# Post your Top 3 Anticipated Anime for Summer 2011



## Hop2089 (Jun 27, 2011)

Post 3 of the anime for the Summer season that you are most excited or you are highly anticipating to be good.

1. Ro-Kyu-Bu
2. The [email protected]
3. Ikoku Meiro no Croisée


----------



## machomuu (Jun 27, 2011)

I haven't watched a "new" anime in years.  I just don't enjoy most of the newer ones for some reason, and I can't really think of any that are coming out this Summer that I'm looking forward to.

In fact...the only anime I'm looking forward to at all is Persona 4.


----------



## Ringo619 (Jun 27, 2011)

i don't really watch the new animes   that   have just come out , i prefer watching something that is old but  still on going and then catch up. so non i guess Dx


----------



## machomuu (Jun 27, 2011)

Ringo619 said:
			
		

> i don't really watch the new animes   that   have just come out , i prefer watching something that is old but  still on going and then catch up. so non i guess Dx


You copycat!


----------



## nasune (Jun 27, 2011)

-Appleseed XIII (if it gets subbed)
-Blood-C (what can I say, I like CLAMP)
-Sacred Seven

By the way, does anyone know anything about a new season of PSG? They kind of cliff-hangered us with season one.


----------



## machomuu (Jun 27, 2011)

nasune said:
			
		

> -Appleseed XIII (if it gets subbed)
> -Blood-C (what can I say, I like CLAMP)
> -Sacred Seven
> 
> By the way, does anyone know anything about a new season of PSG? They kind of cliff-hangered us with season one.


What's PSG?


----------



## nasune (Jun 27, 2011)

Panty & Stocking with Garterbelt, the horrific train wreck of anime.


----------



## luke_c (Jun 27, 2011)

Blade (Story looks rather intriguing)
No. 6 (Sci-Fi + BONES usually equals awesomeness)
Nurarihyon no Mago Sennen Makyou (First season was ok and I love the manga)

Sacred Seven looks kind of cool and is giving me Star Driver vibes, little to none info on it though so we will have to see.


----------



## Raika (Jun 27, 2011)

Pretty much looking forward to only Sacred Seven.

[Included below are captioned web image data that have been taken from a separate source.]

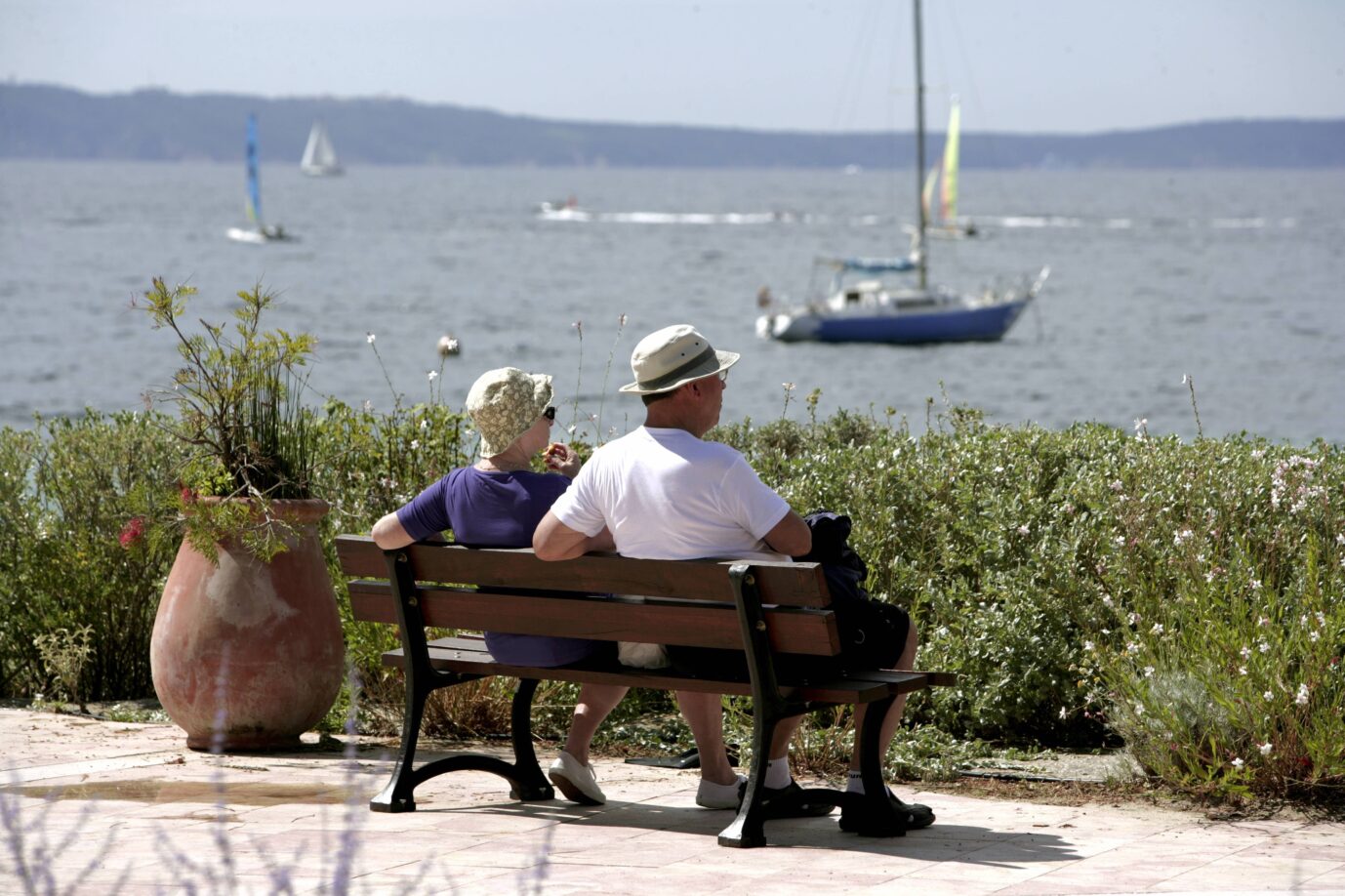 Rentner auf einer Bank in Cavaliere an der südfranzösischen Cote d Azur. Rentner in Frankreich (Symbolbild): Dürfen weiter regulär fünf Jahre vor den Deutschen in Rente. Foto: picture alliance / Ulrich Baumgarten | Ulrich Baumgarten. Debatte um Rentenalter in Frankreich.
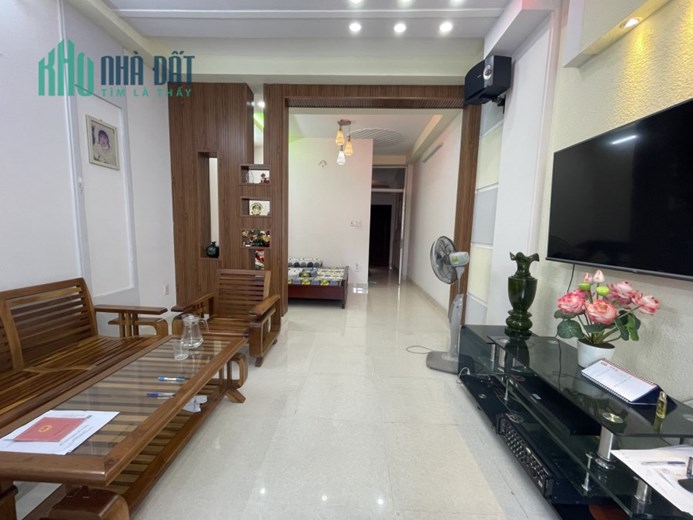 Bán nhà riêng gò vấp 72m2,4 Tầng, 6.x Tỷ, Lê Đức Thọ, Oto Ngủ Ngày Đêm.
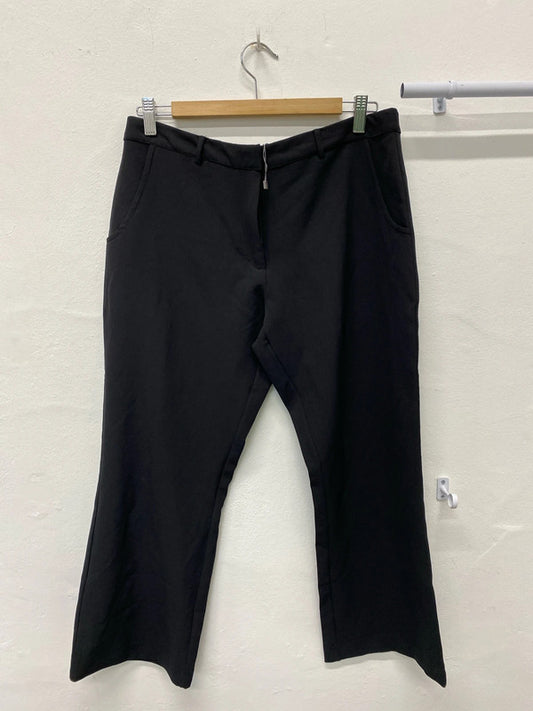 Fabulous Black cropped formal trousers Uk12 Sosandar LW005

Don't really care about the rest.


----------



## Sora de Eclaune (Jun 28, 2011)

Uh.... I don't know.... Is there an english dub of Fractale coming out?


----------



## Ikki (Jun 28, 2011)

I'm not really good at following Anime, much less new ones.
The most recent ones I watched were Panty & Stocking with Garterbelt, Kore wa Zombie desu ka? and Digimon Xros Wars, which is still going.

So, all I'd be looking forward to is another season of either PSG or Kore wa Zombie desu ka?. But I don't think PSG's other season will come any time soon and I doubt Korezom will even get one. I just wasn't satisfied with the ending.


----------



## Hells Malice (Jun 28, 2011)

Angel Beats!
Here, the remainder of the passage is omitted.